The EUR/USD pair surged at the start of the US trading session on Friday, reacting to the release of key data in the US labor market. However, it cannot be said that the June Nonfarm Payrolls was a total disappointment: in fact, almost all components of the report were on the forecast level. However, the infamous "spoonful of tar" spoiled the initial impression of the release. In addition, the strong ADP report, which was published on the eve of the Nonfarm, also played a role. The corresponding expectations of traders were not met, as a result of which the greenback was under pressure across the market. Yet, the situation is ambiguous.
Don't trust emotionsFirst of all, take note that we are dealing with a "storm in a teacup" – in the sense that all price fluctuations provoked by the Nonfarm are within the established price range at 1.0850-1.0930, within which the pair has been trading for the second week in a row. So on one hand, traders reacted quite sharply to the data, and the price rose impulsively. But on the other hand, the pair just bounced off the lower limit of the aforementioned range and tested the upper limit, trying to consolidate above the 1.0930 target. That's it. It is too early to talk about a radical breakthrough and victory for EUR/USD buyers – to do this, they need to overcome the 1.1010 resistance level (the upper line of the Bollinger Bands indicator on the daily chart).

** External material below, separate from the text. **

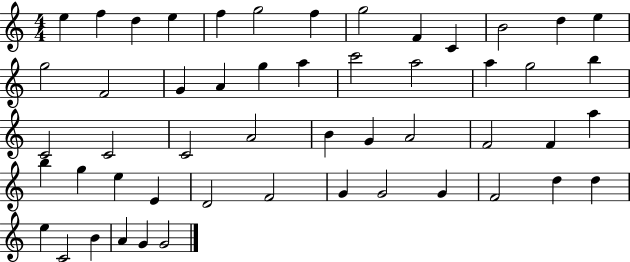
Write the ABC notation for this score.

The second point is that at the moment we are seeing more of an emotional response to the data rather than an objective one. The culprit is the aforementioned ADP report. No joke – according to the agency's calculations, the United States private sector employment rose by 497,000 in June (with a forecast of a rise of 226,000). Naturally, after such a splendid "preview," traders' appetites grew. And when traders found out that this component of the official report turned out to be in the "red", disappointment replaced optimism. One can say, the ADP report did a bearish favor to the dollar, heightening expectations that were subsequently not met.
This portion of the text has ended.